Longtime New York radio newsman Bob Slade, who did the first radio interview with the group nearly 20 years ago, recalled on the Tom Joyner in the Morning show that JMJ carried a camera with him the day of that first interview and took pictures of everything, just so he could document just where he had been, as if he knew he and his partners were headed for uncharted waters. According to USC professor Todd Boyd, author of the new book The New HNIC: the Death of Civil Rights and the Reign of Hip-Hop, Run-DMC “took us from the underground to the mainstream and marked the territory that the music has been following every since. [Run] DMC was the bomb and Jam Master Jay was the fuse to set it off.”
This aspect of the group’s legacy has already been jettisoned as mainstream media pundits again begin to focus on the so-called violence that is supposedly endemic to hip-hop culture. As fellow Popmatters critic Felicia Pride observed, “I’m looking at AOL’s coverage of his death and right next t the article about [JMJ’s] death is a poll asking ‘Does rap music glorify real-life violence’. Let the media frenzy begin.” But Michael Eric Dyson, author of the forthcoming Open Mike: Reflections on Philosophy, Race, Sex, Culture and Religion is quick to counter mainstream judgments cautioning that “we must be careful to not sound the alarm bell about the violence of hip-hop.” The D.C. sniper and the sniper in Tucson who killed those three professors, are linked by being Gulf War veterans. They’ve collectively killed more folks in the last three weeks than have been killed in hip-hop over the last decade.

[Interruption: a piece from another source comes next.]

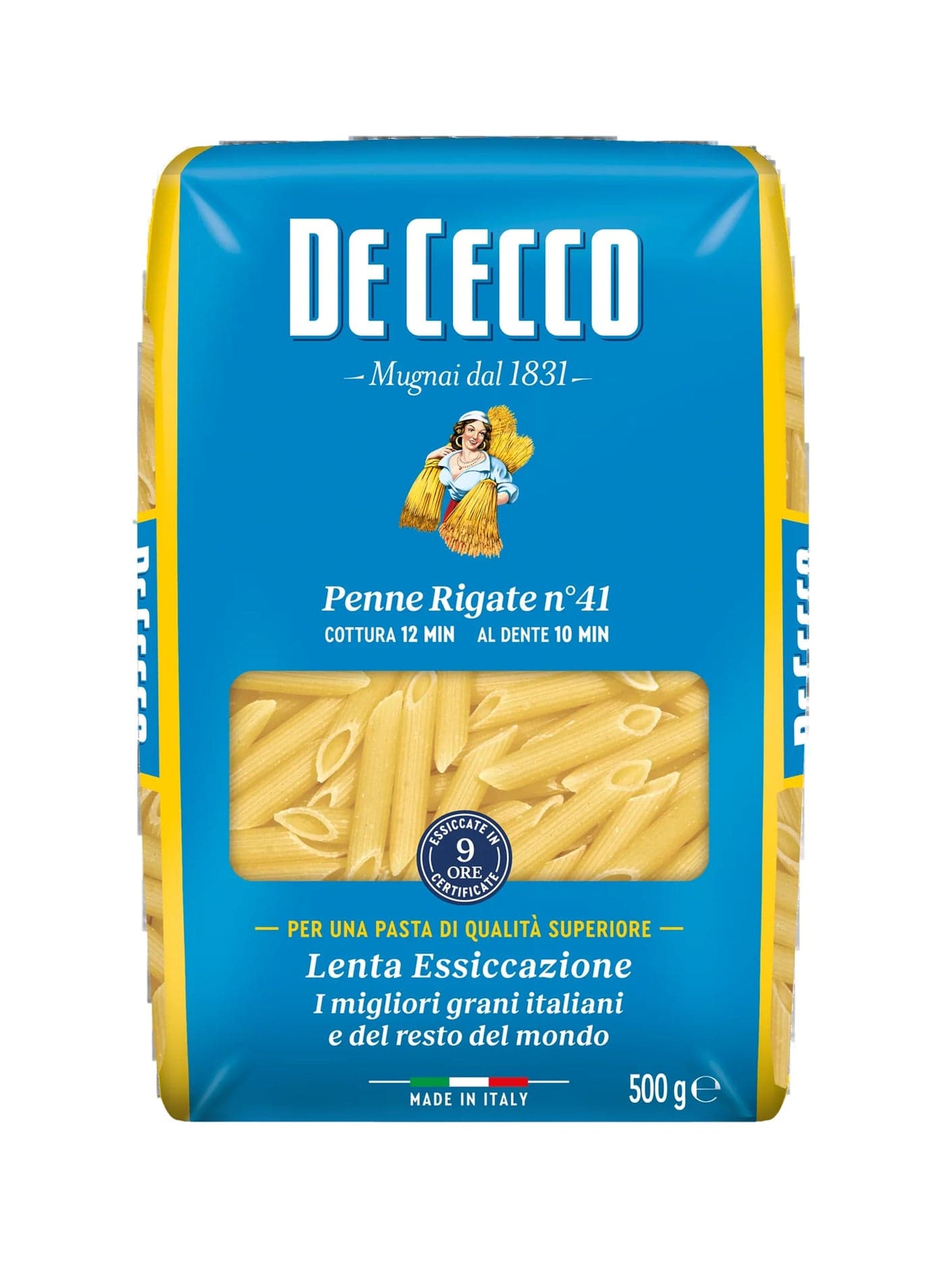 Penne Rigate Pasta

General feelings about Jam Master Jay’s murder was captured best by Reuters critic Franklin Louis Paul, Jr. (via an early morning message on my cell) when he states that “out of all of these, this is the one that got to me.” Paul was of course referencing the well known killings of Biggie and ‘Pac and countless lesser knowns like Scott La Rock and Freaky Tah. As Pride notes, “Senseless murders are becoming a part of hip-hop culture. Biggie and Tupac’s murders perpetuated the ‘reap what you sow’ anti-violent argument, now what can be said?” This is perhaps what is most maddening about JMJ’s murder-brotha had never been part of hip-hop’s thug-or-die clique. According to Dyson, JMJ was a “humanitarian, a profoundly giving brother who opened up his studio to the folk in the hood, where he continued to have his base of operations.” Murray Forman, author of The Hood Comes First: Race, Space, and Place in Rap and Hip-Hop remembers when Run-DMC challenged gang violence within hip-hop during their Raising Hell tour: “At the time, they clearly and forcefully expressed their disdain for the antics that cast all of hip-hop in a negative light in the mainstream media and among law and order authorities. Despite the wave of negativity that they faced, they didn’t stop and they didn’t back down; instead, they threw down even harder for hip-hop that could unify people across the divisions of difference.”
For Pride, Jam Master Jay’s murder is telling: “when you lose an icon like Jay the entire hip-hop nation feels it. How do you kill Jam Master Jay? It’s hip-hop treason.” Yes, an icon. ‘Pac and Biggie were hip-hop stars and celebrities at a particular moment in hip-hop’s life-they only became legends and icons in death. But Run-DMC were living legends and icons — they were royalty. Never the best or even the most important of rap acts, they legitimately changed the game and have been duly celebrated within hip-hop for opening up the genre to the mainstream. Though simple comparisons between Run-DMC and legendary jazz and Soul performers do little justice to the significance of any of these artists, within the context of hip-hop music and culture the killing of Jam Master Jay is comparable to someone walking up to Ray Charles and Aretha Franklin and shooting them in the head. It is cultural treason. Beefs happen and folks have drama-we have a litany of important cultural figures like Lee Morgan, King Curtis, Eddie Jefferson and Marvin Gaye who died senseless violent deaths-but these are our icons and there supposed to be protected. While it is all too easy to again blame the death of Jam Master Jam on the so-called moral and ethical lacking of the hip-hop generation, if we have indeed come to the point that our cultural icons and legends can be shot dead in the street, then we are guilty of all the things that folks say that we are guilty of. It is a shameful day to be a part of the hip-hop generation.
Our Prayers go out the family of Jason Mizell, especially his wife and three children.